Spam is fraud and theft of service on an industrial scale, activities which are already illegal. No new spam laws are required. At the very most, perhaps the illegality needs to be made more clear in the law, but I don't think that is needed.

A majority of spam messages are sent through consumer machines that have been compromised through Windows worms or similar means. Unauthorized access to a computer system is illegal in Australia and punishable by up to ten years in prison. I would like to see that law enforced.

(I'd like to see criminal negligence charges against people who knowingly allow their systems to be used in commission of fraud.)

Spam usually involves unauthorized access to a computer system on the sending end. It also involves unauthorized access on the receiving end: if unsolicited advertisements are specifically disallowed by the terms of service of a computer system, then posting them is also unauthorized insertion of data, and possible a breach of the law.

A large volume of spam advertises products that are likely to be either illegal or fraudulent. In a random sample: bogus pharmaceuticals, child pornography, bogus home loans, unlicensed software, fraudulent invoices, 419 scams... Even if spam was sent legally, the majority of people sending it are involved in some other criminal enterprise.

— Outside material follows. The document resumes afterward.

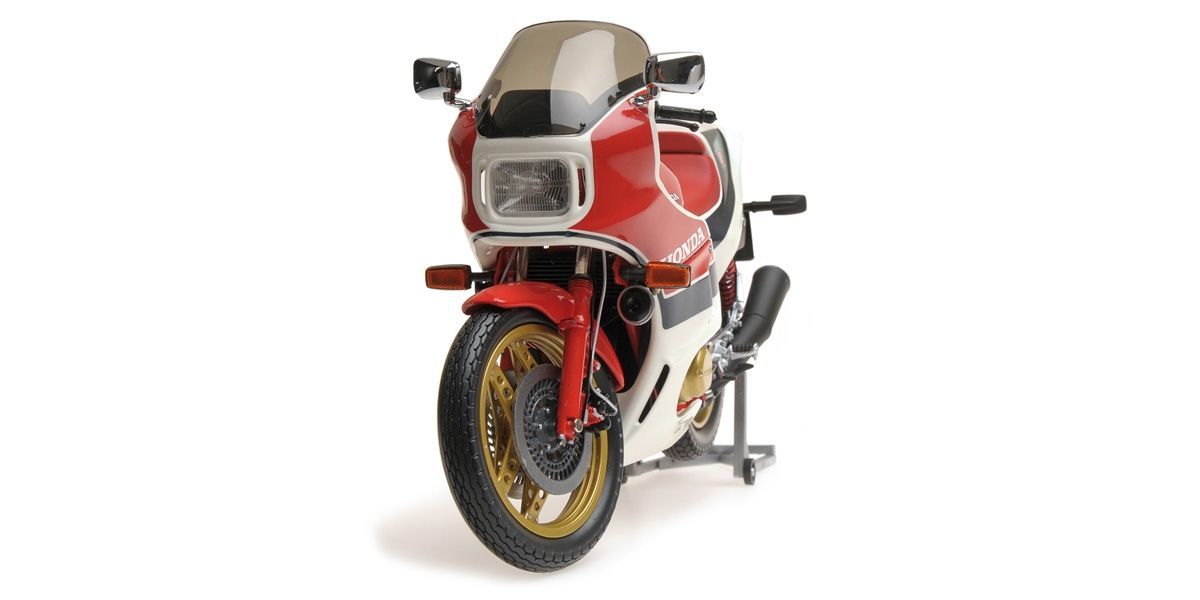 ☆1/12 ホンダ CB1100R 1982 RCII ホワイト/ブルー 122161701 ☆1/12 ホンダ CB1100R 1982 RCII ホワイト/ブルー 122161701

There are reports that great volumes of spam are sent by organized crime gangs also involved in credit card fraud, illegal pornography, drug trafficking, theft, and so on. This single point I can't verify for myself, but it does seem like it ought to motivate police to investigate more energetically.

You have to go pretty far out on the scale of anarcho-libertarianism to say that there should not be laws against theft and fraud, or that those laws should not be enforced by publicly-funded police. Interesting late night thought-experiment though that may be, it is practically irrelevant.

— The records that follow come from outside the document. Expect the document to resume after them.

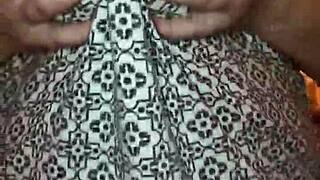 Married woman with a nice ass dancing and shaking her ass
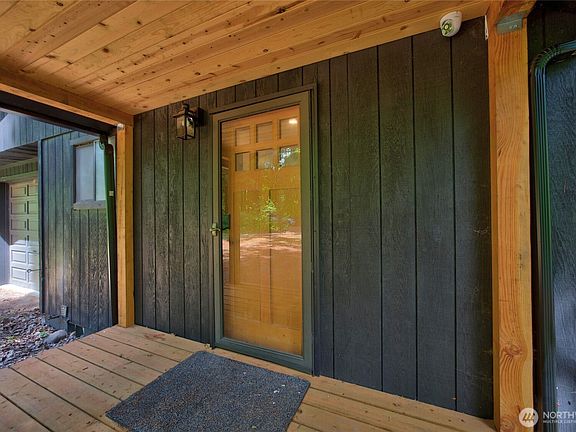 3rd image of 163 Tatoosh View Drive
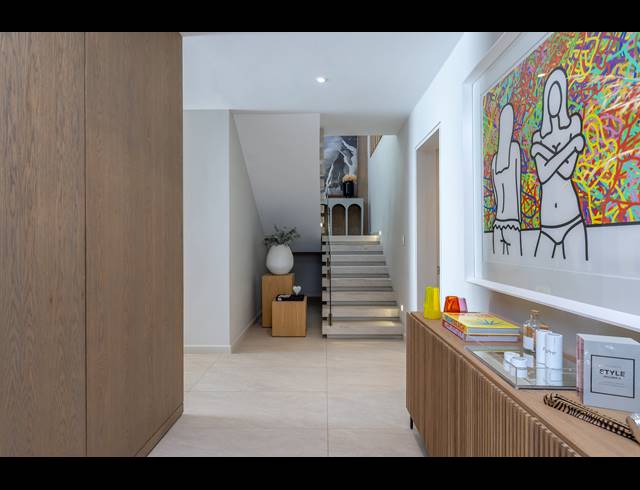 4 BEDROOM APARTMENT TO LET IN FRESNAYE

If I only received spam that did not fake its sender, was not sent through compromised machines, was not advertising criminal or fraudulent products, did not contravene terms of use and did not breach any other laws then I would see far less need for government involvement. Oh happy thought!

I don't see the point in introducing a new email postage system. Existing laws are being flouted on an industrial scale by hundreds of perpetrators. Any new system will be abused too. If you cannot have at least a shade of a threat of sanctions against fraud and theft, it is hard for a free market to work.

I can imagine there are practical problems in enforcing these laws globally. But let us, at least, punish every spammer and con-artist in Australia and the USA. If that works, but we are still being attacked by criminals in China or Nigeria or Russia then let us handle that through some international process.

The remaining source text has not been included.